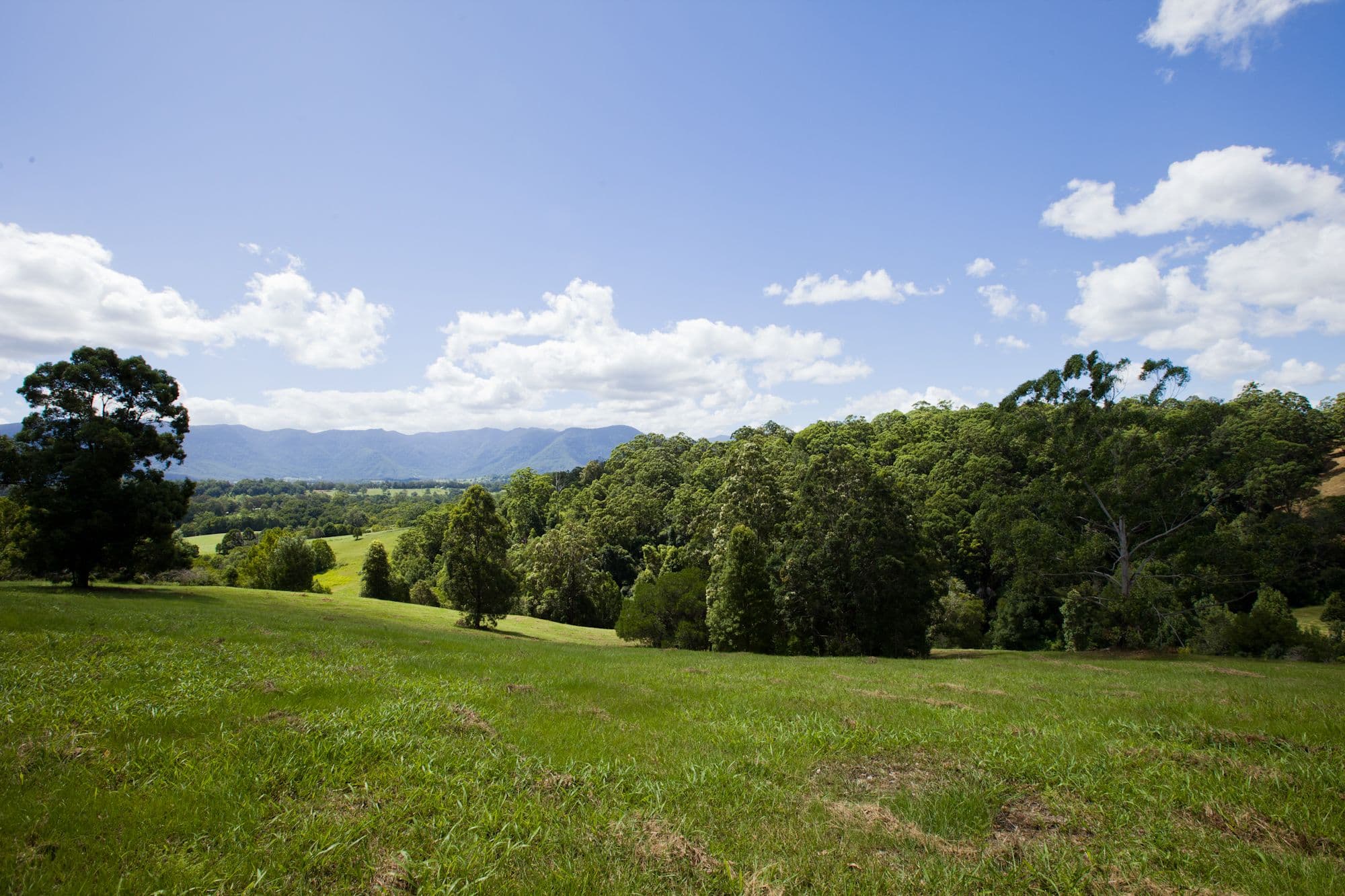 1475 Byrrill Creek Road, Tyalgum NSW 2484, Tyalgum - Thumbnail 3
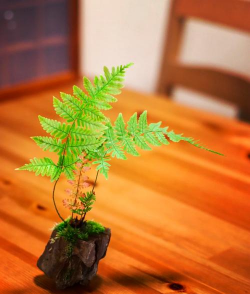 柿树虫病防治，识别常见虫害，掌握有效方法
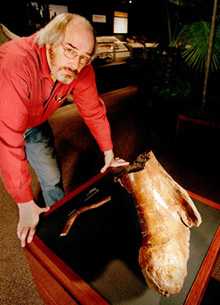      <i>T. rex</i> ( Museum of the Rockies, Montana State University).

--

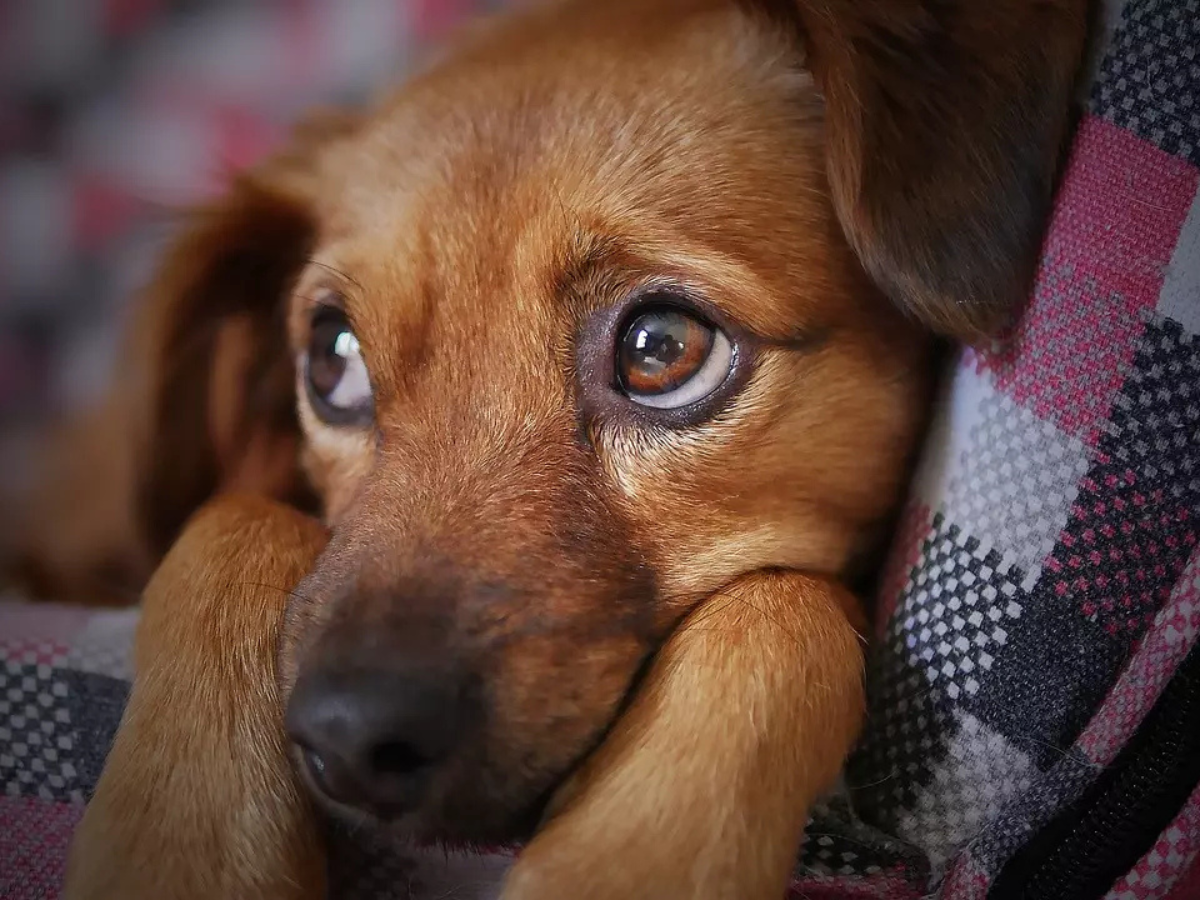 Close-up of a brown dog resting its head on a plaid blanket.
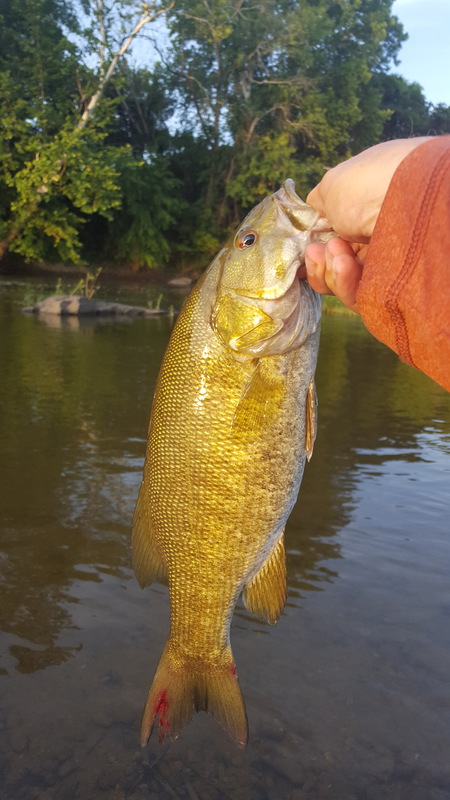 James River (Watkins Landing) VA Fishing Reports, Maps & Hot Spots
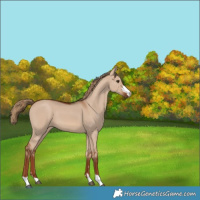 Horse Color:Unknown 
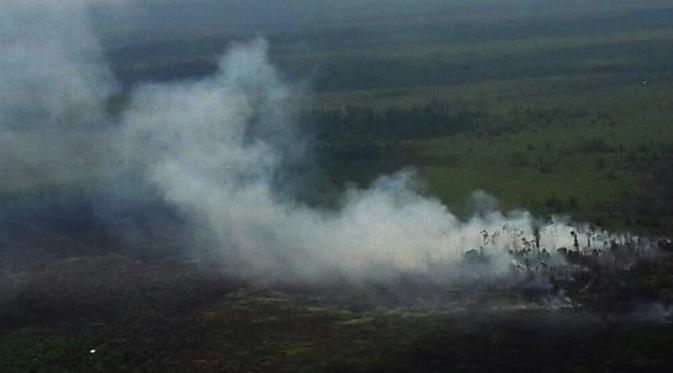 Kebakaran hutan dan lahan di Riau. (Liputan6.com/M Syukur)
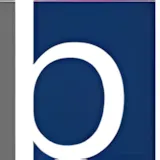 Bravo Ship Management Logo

_WORK REQUIRED:_ Reproduce the lines above beginning at the line that contains "1475 Byrrill Creek" and ending at the line that contains "<i>T. rex</i> ( Museum". No pictures.

_RESPONSE:_
 1475 Byrrill Creek Road, Tyalgum NSW 2484, Tyalgum - Thumbnail 3
 柿树虫病防治，识别常见虫害，掌握有效方法
      <i>T. rex</i> ( Museum of the Rockies, Montana State University).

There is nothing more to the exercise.